= Politics of Monaco =

The politics of Monaco take place within the framework of a semi-constitutional monarchy, with the Prince of Monaco as head of state, with some powers devolved to several advisory and legislative bodies.

==Constitution==

Historically, the princes of the ruling House of Grimaldi were autocrats of an absolute monarchy until the first Constitution of Monaco was adopted in 1911. A second constitution was granted by Prince Rainier III on December 17, 1962, outlining legislative, judicial, and executive branches of government, which consist of several administrative offices and a number of councils. The Prince as head of state retains most of the country's governing power; however, the principality's judicial and legislative bodies may operate independently of his control.

==Government of Monaco==

===Executive branch===

| Sovereign Prince Term start (Term length) | Minister of State Term start (Term length) |
|---|---|
| Albert II 6 April 2005 (21 years, 143 days) | Christophe Mirmand 21 July 2025 (1 year, 37 days) |

The Council of Government is under the authority of the prince. The title and position of prince is hereditary, the minister of state was appointed by the monarch from a list of three French or Monegasque national candidates presented by the French government, but is now chosen by the monarch. Until the 2002 amendment to the Monegasque constitution, only French nationals were eligible for the post. The prince is advised by the Crown Council of Monaco.

===Legislative branch===

| President PartyTerm start (Term length) | Vice President PartyTerm start (Term length) |
| Thomas BrezzoPriorité Monaco3 April 2024 (2 years, 146 days) | Jean-Louis GrindaMonegasque National Union16 February 2023 (3 years, 192 days) |
National Council

The unicameral National Council (Conseil National) has 24 seats. The members are elected by popular vote to serve five-year terms. The Council can be disbanded by the Prince of Monaco provided that he hosts elections within 3 months. Uniquely, Monegasque legislators can be members of multiple political parties. Currently the administrative coalition, Monegasque National Union, holds all 24 seats after winning nearly 90% of the vote in the 2023 general election. The coalition consists of the three largest parties in Monaco: Priorité Monaco (centre-right), which won 21 seats in the 2018 general election; Horizon Monaco (right-wing) which won 2 seats in 2018; and Union Monégasque, (centre), which won 1 seat in 2018. The centre-left coalition, New Ideas for Monaco, holds no seats after running candidates in just 13 seats and winning only 10% of the vote.

===Judicial branch===
The supreme courts are the Judicial Court of Revision (Cour de révision judiciaire), which hears civil and criminal cases (as well as some administrative cases), and the Supreme tribunal (tribunal suprême), which performs judicial review. Both courts are staffed by French judges (appointed among judges of French courts, members of the Conseil d'État and university professors).

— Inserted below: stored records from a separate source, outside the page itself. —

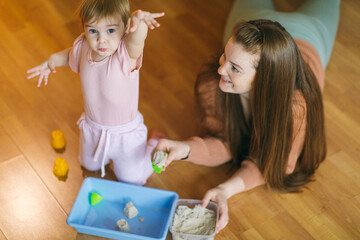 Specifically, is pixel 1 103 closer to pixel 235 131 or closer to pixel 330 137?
pixel 235 131

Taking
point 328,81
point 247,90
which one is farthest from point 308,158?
point 328,81

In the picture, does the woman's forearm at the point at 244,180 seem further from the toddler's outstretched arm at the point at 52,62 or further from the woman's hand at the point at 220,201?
the toddler's outstretched arm at the point at 52,62

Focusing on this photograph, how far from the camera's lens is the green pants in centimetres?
146

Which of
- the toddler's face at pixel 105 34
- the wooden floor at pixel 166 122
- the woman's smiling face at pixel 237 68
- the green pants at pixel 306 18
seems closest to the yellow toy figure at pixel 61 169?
the wooden floor at pixel 166 122

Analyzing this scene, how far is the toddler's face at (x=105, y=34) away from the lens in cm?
94

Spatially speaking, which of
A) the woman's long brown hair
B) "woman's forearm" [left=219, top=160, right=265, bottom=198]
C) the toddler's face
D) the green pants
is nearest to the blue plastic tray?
"woman's forearm" [left=219, top=160, right=265, bottom=198]

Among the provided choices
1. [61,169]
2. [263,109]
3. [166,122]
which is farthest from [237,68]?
[61,169]

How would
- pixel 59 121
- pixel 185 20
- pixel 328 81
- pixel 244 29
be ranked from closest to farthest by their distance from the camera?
1. pixel 244 29
2. pixel 59 121
3. pixel 328 81
4. pixel 185 20

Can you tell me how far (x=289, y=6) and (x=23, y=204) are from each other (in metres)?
1.40

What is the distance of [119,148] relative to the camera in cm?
117

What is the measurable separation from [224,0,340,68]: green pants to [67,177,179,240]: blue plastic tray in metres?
0.65

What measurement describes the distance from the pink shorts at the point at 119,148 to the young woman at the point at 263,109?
7cm

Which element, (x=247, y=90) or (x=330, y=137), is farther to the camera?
(x=330, y=137)

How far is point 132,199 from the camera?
1232 millimetres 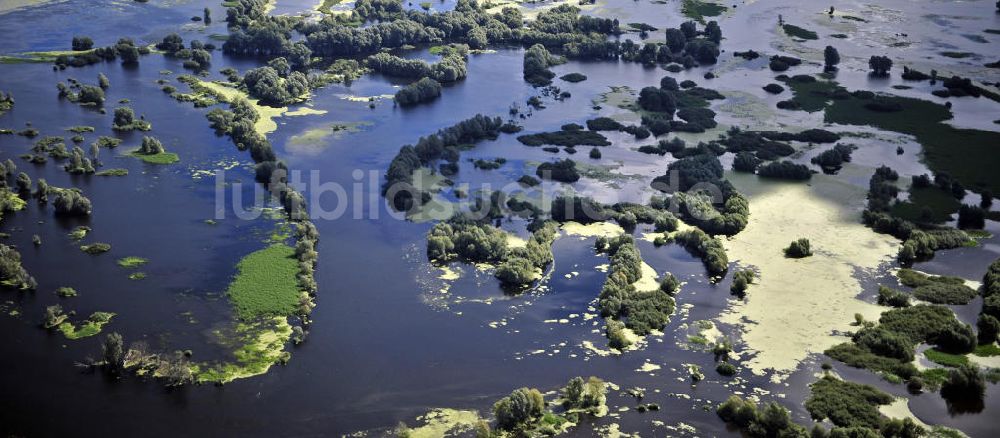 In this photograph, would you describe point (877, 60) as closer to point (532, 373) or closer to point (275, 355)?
point (532, 373)

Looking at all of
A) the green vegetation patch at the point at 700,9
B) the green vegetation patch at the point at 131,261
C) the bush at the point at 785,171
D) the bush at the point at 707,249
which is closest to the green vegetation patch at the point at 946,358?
the bush at the point at 707,249

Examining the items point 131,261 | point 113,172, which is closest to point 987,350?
point 131,261

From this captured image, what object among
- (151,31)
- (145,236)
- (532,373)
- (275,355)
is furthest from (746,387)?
(151,31)

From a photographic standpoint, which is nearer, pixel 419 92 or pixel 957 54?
pixel 419 92

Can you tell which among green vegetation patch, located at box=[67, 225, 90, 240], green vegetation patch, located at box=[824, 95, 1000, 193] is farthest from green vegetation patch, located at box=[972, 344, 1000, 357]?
green vegetation patch, located at box=[67, 225, 90, 240]

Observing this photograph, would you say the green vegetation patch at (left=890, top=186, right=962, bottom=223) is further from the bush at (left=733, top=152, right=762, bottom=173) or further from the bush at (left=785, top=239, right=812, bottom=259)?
the bush at (left=733, top=152, right=762, bottom=173)

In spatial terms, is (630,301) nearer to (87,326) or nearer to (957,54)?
(87,326)

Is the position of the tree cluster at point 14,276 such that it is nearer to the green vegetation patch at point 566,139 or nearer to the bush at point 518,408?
the bush at point 518,408

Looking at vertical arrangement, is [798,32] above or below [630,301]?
above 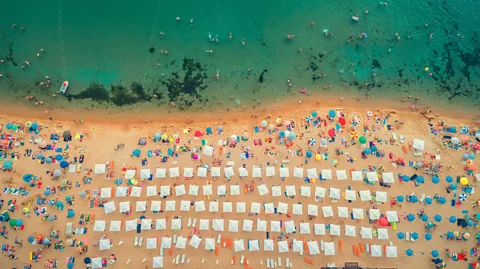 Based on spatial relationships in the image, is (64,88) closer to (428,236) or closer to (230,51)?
(230,51)

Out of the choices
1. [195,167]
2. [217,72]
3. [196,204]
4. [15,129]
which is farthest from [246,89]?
[15,129]

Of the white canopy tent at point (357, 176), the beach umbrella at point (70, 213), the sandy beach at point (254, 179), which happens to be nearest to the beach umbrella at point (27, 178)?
the sandy beach at point (254, 179)

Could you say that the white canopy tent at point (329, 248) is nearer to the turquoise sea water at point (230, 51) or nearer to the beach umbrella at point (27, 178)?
the turquoise sea water at point (230, 51)

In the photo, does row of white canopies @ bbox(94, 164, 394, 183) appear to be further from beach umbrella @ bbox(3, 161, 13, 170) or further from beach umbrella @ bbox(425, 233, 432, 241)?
beach umbrella @ bbox(3, 161, 13, 170)

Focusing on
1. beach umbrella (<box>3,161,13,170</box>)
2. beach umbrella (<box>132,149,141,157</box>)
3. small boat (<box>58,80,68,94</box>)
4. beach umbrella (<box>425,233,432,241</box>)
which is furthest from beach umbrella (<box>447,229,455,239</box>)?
beach umbrella (<box>3,161,13,170</box>)

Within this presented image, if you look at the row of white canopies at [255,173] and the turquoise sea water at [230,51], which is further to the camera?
the turquoise sea water at [230,51]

===Political parties and elections===

| Party | Votes | % | Seats | +/– |
| Monegasque National Union | 72,602 | 89.63 | 24 | +1 |
| New Ideas for Monaco | 8,401 | 10.37 | 0 | –1 |
| Invalid/blank votes | 400 | – | – | – |
| Total | 81,403 | 100 | 24 | 0 |
| Registered voters/turnout | 7,594 | 57.26 | – | – |
Source: Mairie de Monaco

===Political spectrum===
Monegasque tend to be more conservative due to their alignment with the Catholic Church. There are no official left-wing parties although Union Monégasque is considered the "most liberal" of the three main parties that formed the Monegasque National Union. A new centre-left party, New Ideas for Monaco, was formed in 2022.

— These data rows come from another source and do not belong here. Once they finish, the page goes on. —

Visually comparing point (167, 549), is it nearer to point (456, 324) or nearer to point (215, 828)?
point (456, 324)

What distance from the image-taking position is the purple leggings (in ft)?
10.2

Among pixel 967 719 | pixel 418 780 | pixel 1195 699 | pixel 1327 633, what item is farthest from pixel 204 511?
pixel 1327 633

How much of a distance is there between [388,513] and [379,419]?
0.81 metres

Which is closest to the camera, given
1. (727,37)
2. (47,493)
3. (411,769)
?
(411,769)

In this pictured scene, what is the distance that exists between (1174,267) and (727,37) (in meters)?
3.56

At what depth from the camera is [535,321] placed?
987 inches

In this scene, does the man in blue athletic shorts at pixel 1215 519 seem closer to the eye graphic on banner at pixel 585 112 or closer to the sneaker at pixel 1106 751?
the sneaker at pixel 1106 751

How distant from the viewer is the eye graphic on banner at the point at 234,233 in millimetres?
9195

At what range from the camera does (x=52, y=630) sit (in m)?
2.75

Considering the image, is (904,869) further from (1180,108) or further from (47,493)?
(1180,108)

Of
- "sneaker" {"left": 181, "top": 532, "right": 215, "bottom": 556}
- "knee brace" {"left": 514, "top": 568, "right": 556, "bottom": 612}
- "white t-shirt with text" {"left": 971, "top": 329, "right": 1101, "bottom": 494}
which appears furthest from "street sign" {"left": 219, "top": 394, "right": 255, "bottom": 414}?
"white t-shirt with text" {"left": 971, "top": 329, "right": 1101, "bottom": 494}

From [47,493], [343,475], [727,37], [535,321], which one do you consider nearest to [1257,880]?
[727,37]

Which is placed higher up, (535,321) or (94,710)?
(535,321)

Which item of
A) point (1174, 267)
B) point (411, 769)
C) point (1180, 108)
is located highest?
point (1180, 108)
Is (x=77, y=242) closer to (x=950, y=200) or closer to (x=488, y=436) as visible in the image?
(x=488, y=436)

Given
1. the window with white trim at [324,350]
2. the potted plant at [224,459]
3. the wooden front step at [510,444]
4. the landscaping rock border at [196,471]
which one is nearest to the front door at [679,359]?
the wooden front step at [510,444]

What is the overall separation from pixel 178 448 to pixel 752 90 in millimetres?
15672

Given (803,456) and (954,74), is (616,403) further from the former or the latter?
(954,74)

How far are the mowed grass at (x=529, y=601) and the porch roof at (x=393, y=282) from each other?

==Administrative divisions==
There are no first-order administrative divisions in the principality, which is instead traditionally divided into four quarters (French: quartiers, singular quartier): Fontvieille, La Condamine, Monaco-Ville and Monte-Carlo, with the suburb Moneghetti (part of La Condamine) colloquially seen as an unofficial, fifth quarter. They have a joint Communal Council of Monaco.

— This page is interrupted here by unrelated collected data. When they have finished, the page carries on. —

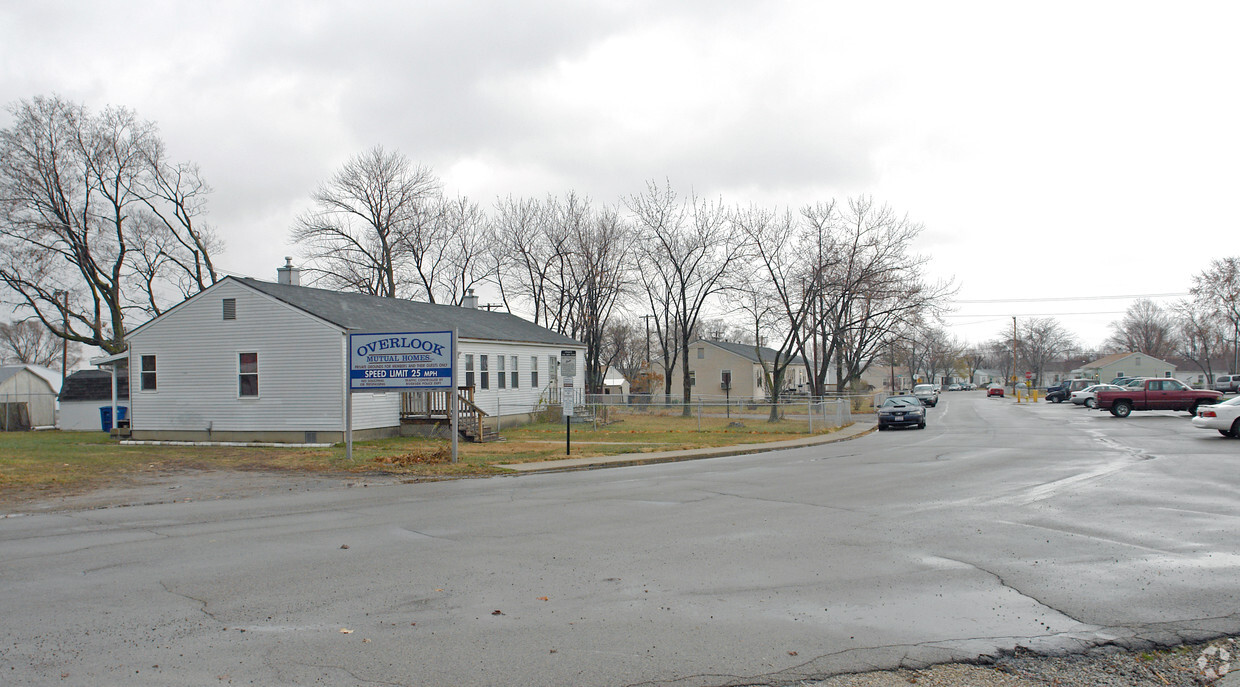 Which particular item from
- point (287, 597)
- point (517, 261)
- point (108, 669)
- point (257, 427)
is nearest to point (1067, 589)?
point (287, 597)

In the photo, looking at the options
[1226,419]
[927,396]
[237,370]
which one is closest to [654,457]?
[237,370]

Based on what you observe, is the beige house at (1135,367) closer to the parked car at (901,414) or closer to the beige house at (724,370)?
the beige house at (724,370)

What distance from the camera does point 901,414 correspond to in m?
34.9

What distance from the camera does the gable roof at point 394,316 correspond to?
2699cm

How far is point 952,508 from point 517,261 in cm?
4349

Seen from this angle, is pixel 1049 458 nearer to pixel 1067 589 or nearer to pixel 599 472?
pixel 599 472

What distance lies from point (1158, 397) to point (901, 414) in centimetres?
1285

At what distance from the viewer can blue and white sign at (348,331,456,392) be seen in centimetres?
1972

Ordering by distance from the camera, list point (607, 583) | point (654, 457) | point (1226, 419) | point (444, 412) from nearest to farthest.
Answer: point (607, 583), point (654, 457), point (1226, 419), point (444, 412)

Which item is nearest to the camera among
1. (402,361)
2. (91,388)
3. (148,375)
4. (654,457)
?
(402,361)

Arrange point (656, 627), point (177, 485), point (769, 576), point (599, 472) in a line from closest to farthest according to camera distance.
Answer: point (656, 627)
point (769, 576)
point (177, 485)
point (599, 472)

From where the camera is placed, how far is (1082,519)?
10.6 metres

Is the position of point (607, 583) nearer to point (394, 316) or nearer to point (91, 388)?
point (394, 316)

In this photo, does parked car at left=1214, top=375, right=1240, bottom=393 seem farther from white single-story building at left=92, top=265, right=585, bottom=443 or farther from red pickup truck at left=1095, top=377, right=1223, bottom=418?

The principality is, for administrative and official purposes, currently divided into ten wards:
- Monaco-Ville
- Monte Carlo/Spélugues
- Fontvieille
- Moneghetti/Bd de Belgique
- La Condamine
- Larvotto/Bas Moulins
- La Rousse/Saint Roman
- Jardin Exotique
- Ravin de Sainte-Dévote

==International organization participation==

ACCT, ECE, International Atomic Energy Agency, International Civil Aviation Organization, ICRM, IFRCS, IHO, IMO, Inmarsat, Intelsat, Interpol, International Olympic Committee, ITU, OPCW, OSCE, United Nations, UNCTAD, UNESCO, Universal Postal Union, World Health Organization, World Intellectual Property Organization, World Meteorological Organization, Council of Europe.